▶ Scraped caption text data
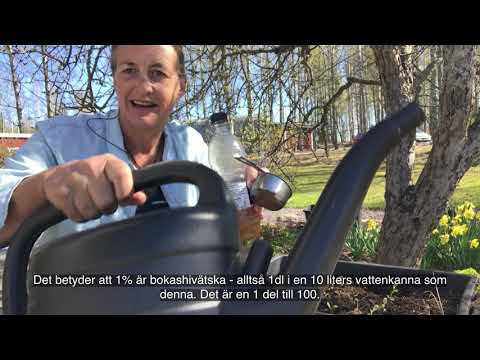 Jenny från bokashi.se - Del 5 - Lakvatten.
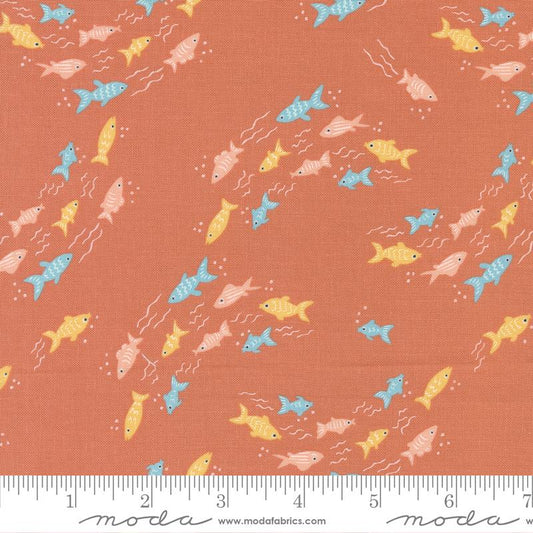 Noahs Ark - Fishy Fish Coral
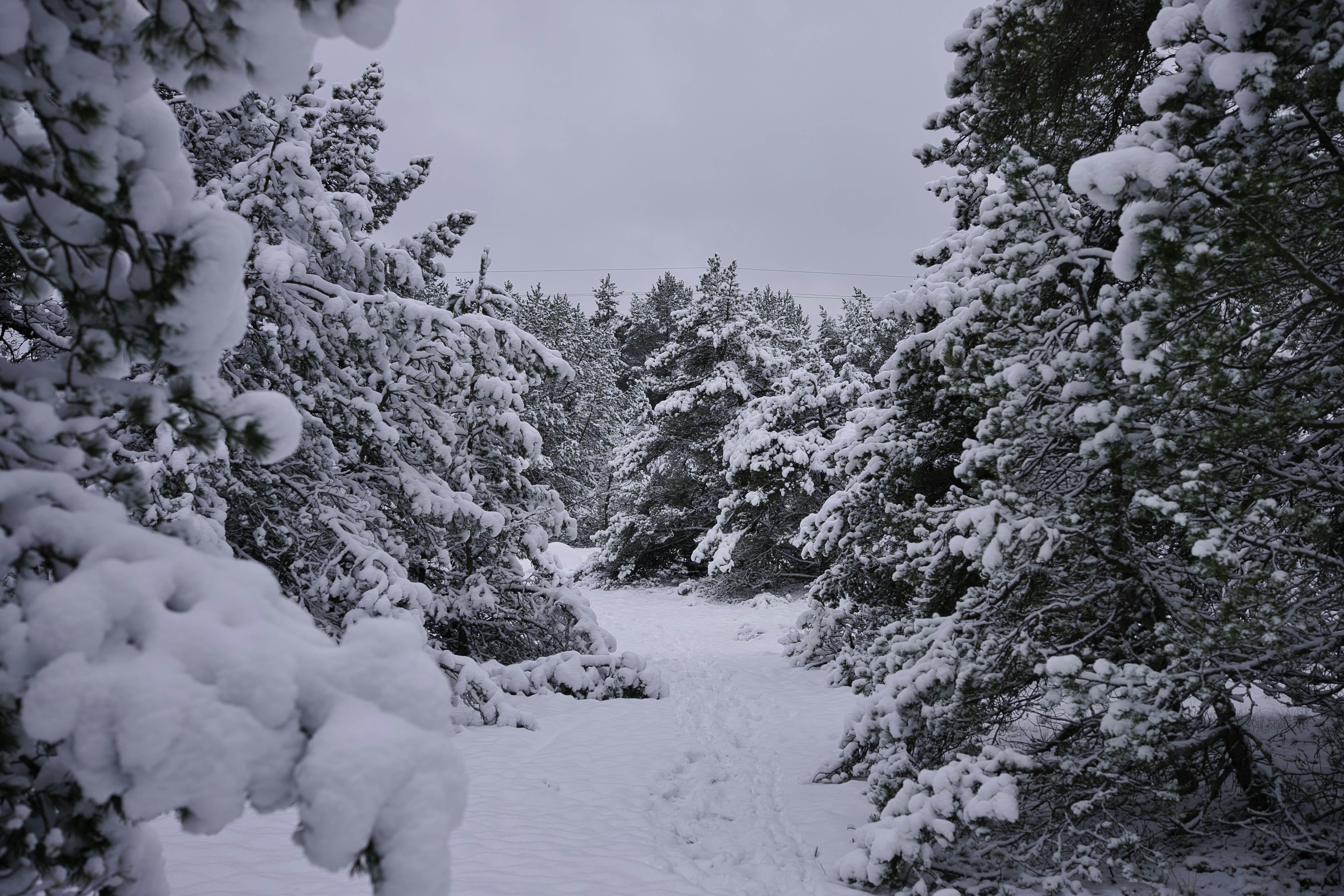 Photo by maksimshutov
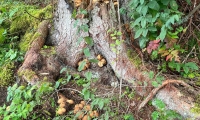 IMG-20220925-WA0010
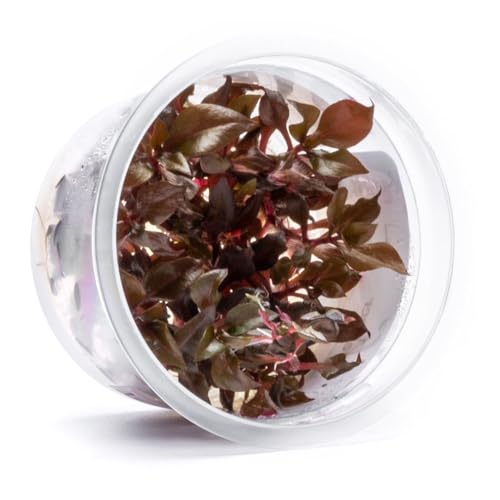 Live Plant - Alternanthera Reineckii Bronze Tissue Culture Aquatic Live Aquarium Plant - 100% Snail Free in Vitro Cup (AR Bronze) - color: Alternanthera Reineckii Bronze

▶ Required action
Give the records again without a single change, and exclude the pictures.

▶ Written reply
 Jenny från bokashi.se - Del 5 - Lakvatten.
 Noahs Ark - Fishy Fish Coral
 Photo by maksimshutov
 IMG-20220925-WA0010
 Live Plant - Alternanthera Reineckii Bronze Tissue Culture Aquatic Live Aquarium Plant - 100% Snail Free in Vitro Cup (AR Bronze) - color: Alternanthera Reineckii Bronze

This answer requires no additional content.